Ajuda também a colocar mais algumas nuances na decisão, que parece ter passado quase ilesa a críticas, da Fundaj de proibir obras de Cláudio e Lírio. Isso porque em toda formação cultural há certos grupos em disputa. No caso da produção do audiovisual de Pernambuco, a turma do "sertão pop" - Cláudio Assis, Lírio Ferreira, Paulo Caldas, Marcelo Gomes -, parece estar perdendo espaço para a galera que critica, através de seus filmes, a categoria a qual pertencem: a classe média urbana de Recife e ajdacências  - desse grupo, fazem parte Daniel Aragão, Gabriel Mascaro, Marcelo Pedroso, Kleber Mendonça Filho. Este último, a figura responsável pelo setor de cinema da Fundação Joaquim Nabuco. Pois é...

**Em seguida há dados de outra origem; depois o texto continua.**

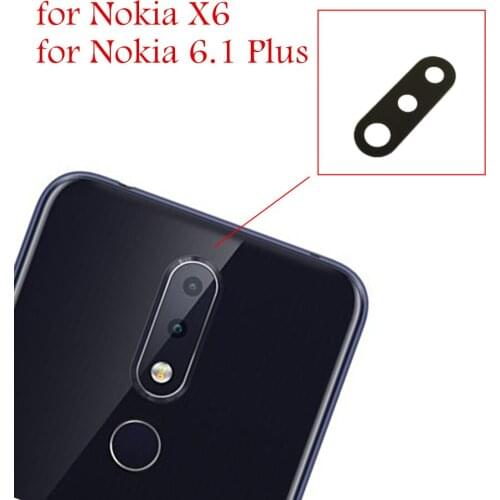 2piece for Nokia X6/ for Nokia 6.1 Plus Back Camera Glass Lens Main Rear Camera Glass Cover Sticker Glass Lens Repair Spare Part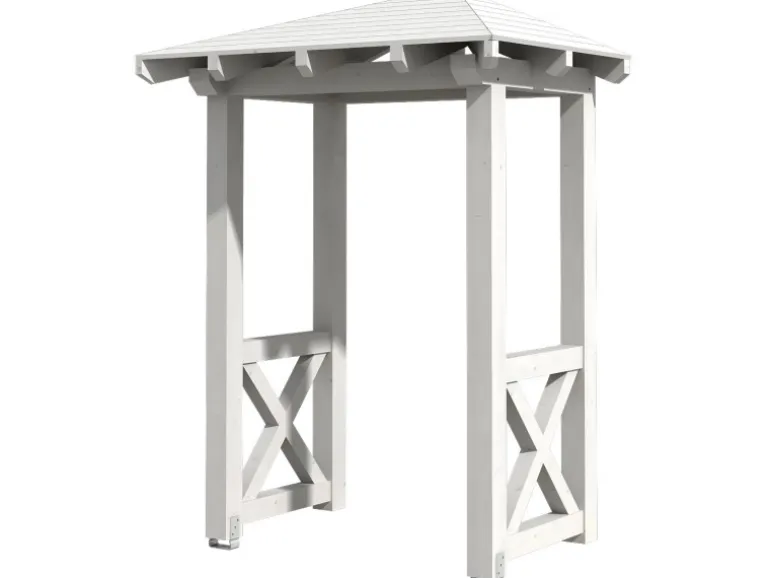 Skan Holz Haustür-Vordach Wesel 4 Weiß lasiert 188 cm x 126 cm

Refletir e criticar a punição da Fundaj a Cláudio Assis e Lírio Ferreira não é, nem de longe, anuir ou defender a conduta deles dois. Enquanto escrevia estas linhas, tomo conhecimento que a figura central em toda esta celeuma, a diretora Anna Muylaert, se pronunciou a favor de uma punição, mas contra a proibição dos filmes. Isso é significativo, mas a sanção imposta fela Fundaj não parece que vai ser retificada - tendo em vista, também, que ela foi bem recebida pelo público. Dentro desse quadro, portanto, vale a indagação: passaremos em revista a conduta particular e as atitudes pessoais de diretores e diretoras antes  de colocarmos suas obras em cartaz?